Ces premiers succès ont été possibles parce que le gouvernement a été constamment soutenu par sa majorité parlementaire.

Les Français ne s'y sont pas trompés, ils ont jusqu'à aujourd'hui soutenu ce gouvernement, aussi parce qu'ils s'appuyaient sur une majorité unie.

C'est une étape sur la voie du redressement de notre pays.

Aujourd'hui, c'est une autre société que nous devons inventer :

Jusqu'en 1974, progrès continu du pouvoir d'achat, de la couverture sociale, de la formation. La crise a cassé cet élan. Le consensus français traditionnel, fait d'esprit de justice et de fraternité, est lui-même menacé.

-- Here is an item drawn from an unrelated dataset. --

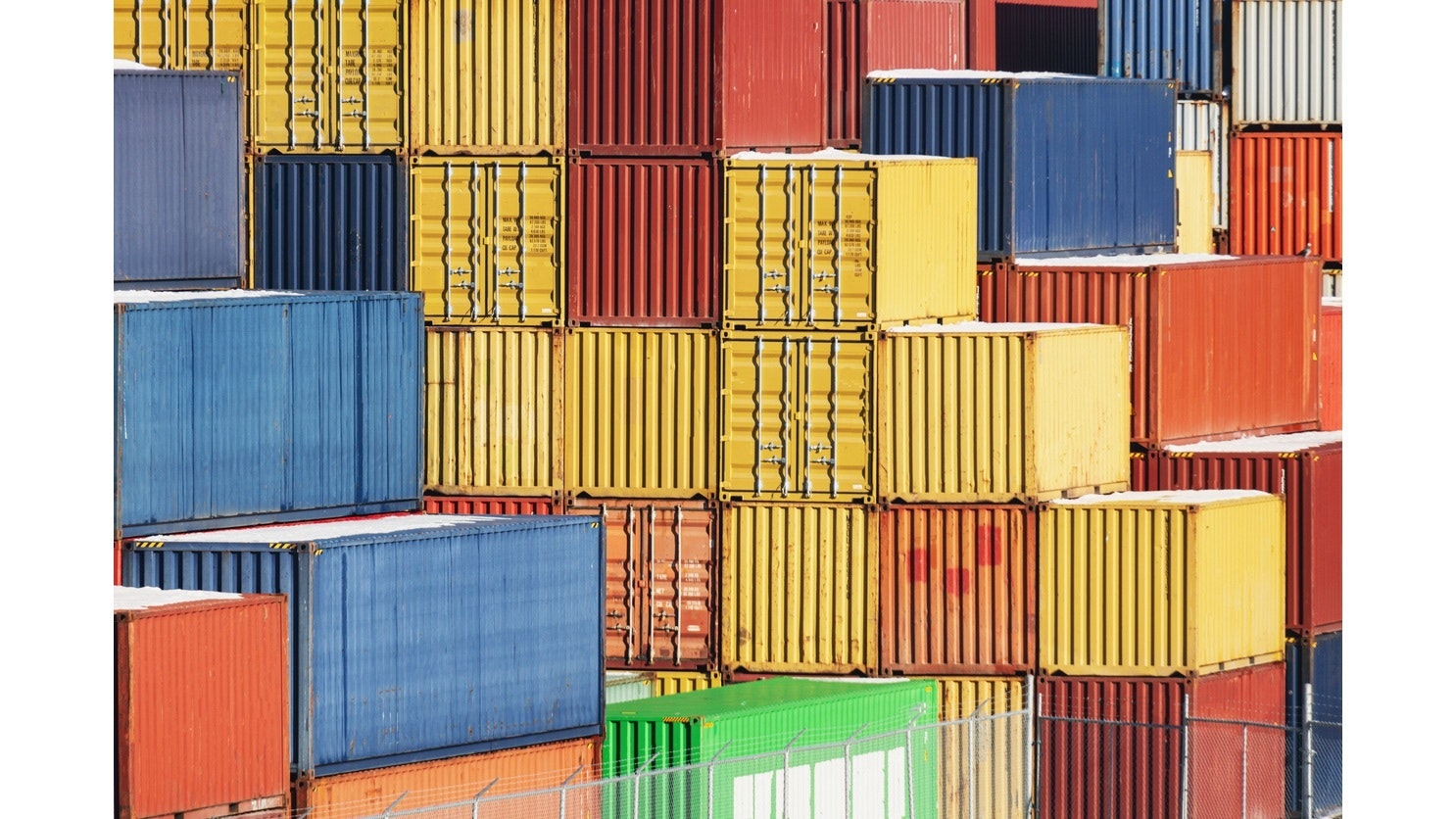 Photo of shipping containers piled high.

Comment concilier aujourd'hui nos valeurs sociales traditionnelles et la concurrence toujours plus vive du reste du monde ?

– pas la répétition des trente glorieuses ;
– pas la société d'aujourd'hui ;
– une autre.

Les problèmes à résoudre sont nombreux :

– l'État et la justice ;
– la croissance ;
– l'emploi et l'exclusion ;
– la protection sociale ;
– l'école et l'université ;
– l'Europe ;
– la défense ;
– le rôle de la France dans le monde.

Mobiliser pour bâtir une autre société, celle d'après la crise. Comment ?

D'abord une économie forte et dynamique et une monnaie solide. (Comme en 1959 avec le Général de Gaulle).

Le redressement économique fut donc l'une des priorités de ce gouvernement. La croissance permet de faire reculer peu à peu le chômage. 900 000 emplois ont été créés entre 1987 et 1989. Aujourd'hui tout doit être fait pour que le nombre de chômeurs en France diminue d'un million. C'est possible, nous serions alors au niveau de ceux de nos partenaires qui luttent avec le plus d'efficacité contre le chômage.

En 1995 et 1996, la croissance permettra de créer chaque année 250 000 emplois c'est-à-dire une diminution du chômage de 150 000.

Les mesures contenues dans le budget :

– abaissement des charges, nouvelle tranche ;
– développement de l'apprentissage ;
– développement du temps partiel ;
– aide aux emplois familiaux ;
– aide à l'embauche de chômeurs RMIstes.

Elles permettront une diminution en 1995 de 130 000 chômeurs. Pour 1995, la diminution devrait donc être de 250 000.

Mais le dynamisme de l'économie, la diminution du chômage ne suffisent pas, à eux seuls, à faire une politique complètement efficace contre l'exclusion.